- Directed by: K.Veerapandian
- Written by: Veerapandian
- Produced by: C. Kamaraj
- Starring: Vimal Natarajan; Sathish; Aishwarya Rajesh; Supraja;
- Cinematography: Agar Senguttuvan
- Edited by: Lancy Mohan
- Music by: Srikanth Deva
- Production company: Lakshika Films
- Release date: 18 March 2011;
- Running time: 135 minutes
- Country: India
- Language: Tamil

= Avargalum Ivargalum =

K.Veerapandian

Avargalum Ivargalum is a 2011 Indian Tamil language romantic drama film directed by Veerapandian. The film stars newcomers Vimal Natarajan, Sathish, Aishwarya Rajesh and Supraja, with Charle, Manikka Vinayagam, G. M. Kumar, Agathiyan, Boys Rajan, Chinnaponnu, Jayashree and Sundari playing supporting roles. The film, produced by C. Kamaraj, had musical score by Srikanth Deva and was released on 18 March 2011.

==Plot==
The film begins with Vallal (Vimal Natarajan) and Vennila (Supraja) eloping from their remote village and going on a train. There, they meet Bharathi (Sathish) and Shwetha (Aishwarya Rajesh), but the young lovers soon leave them. The next day, in Nagercoil, Vallal and Vennila, who have no money, struggle to survive. That night, Bharathi and Shwetha find the young lovers at a bus station and take them with them. At home, the two couples tell each other why they had to elope.

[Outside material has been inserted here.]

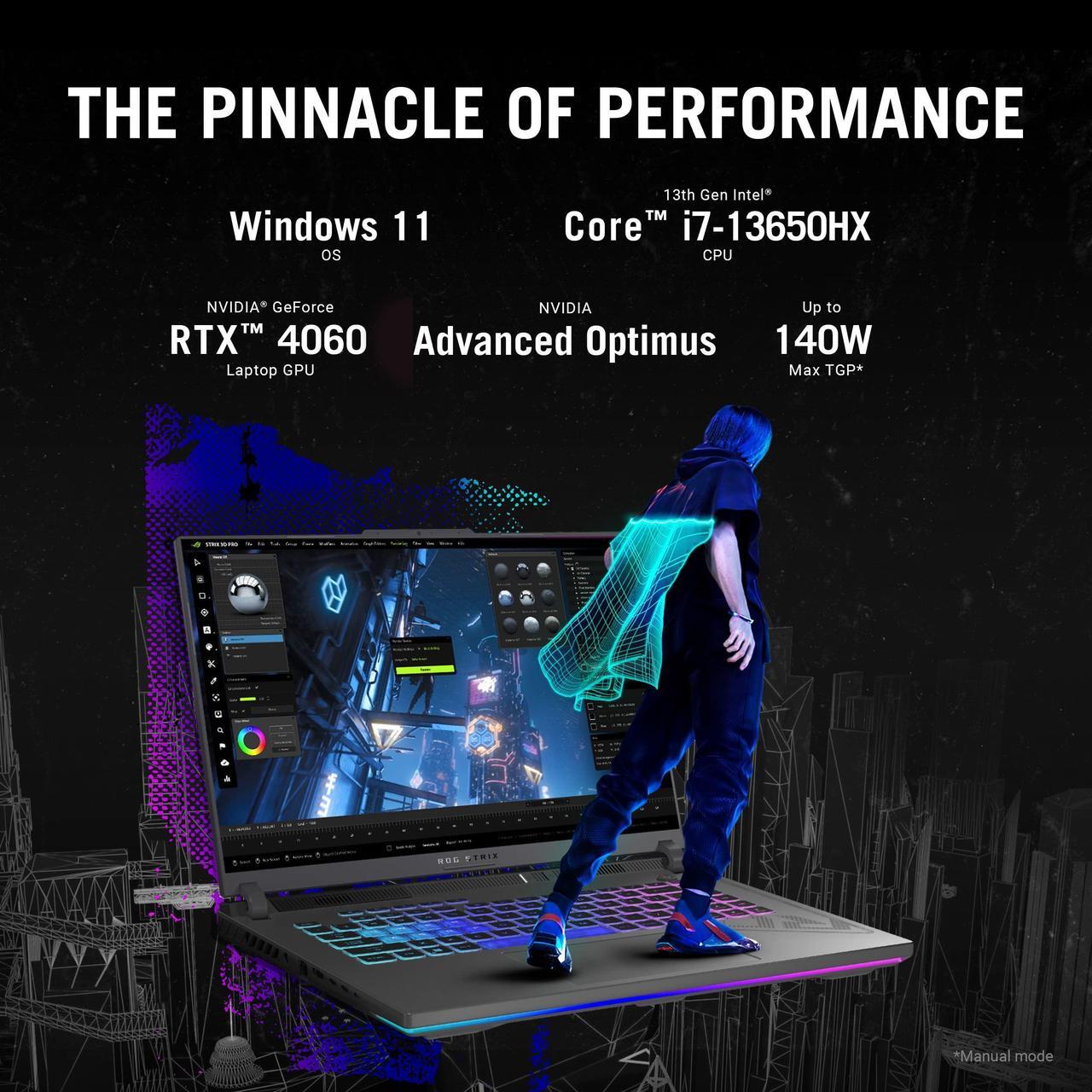 Alt view image 9 of 14 - ASUS ROG Strix G16 (2023) Gaming Laptop, 16 16:10 FHD 165Hz, GeForce RTX 4060, Intel Core i7-13650HX, 16GB DDR5, 512GB PCIe SSD, Wi-Fi 6E, Windows 11, G614JV-AS73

In a remote village, Vennila was from a rich and upper-caste family. She was pampered by her father Mahadevan (Manikka Vinayagam) and her two brothers. Vallal was from a poor and lower-caste family, and his father Chinnasamy (G. M. Kumar) was a cobbler. Vallal had completed a degree in leather technology in Chennai and was selected by his college to pursue his studies in Singapore. Vennila's family helped Vallal financially to go abroad. Thereafter, Vallal and Vennila fell in love and had to elope.

Similarly, Swetha was the daughter of a rich businessman (Boys Rajan) and was neglected by him. Swetha then found comfort in their car driver Bharathi (Sathish), an orphan who grew up in an orphanage. The two finally fell in love and decided to elope.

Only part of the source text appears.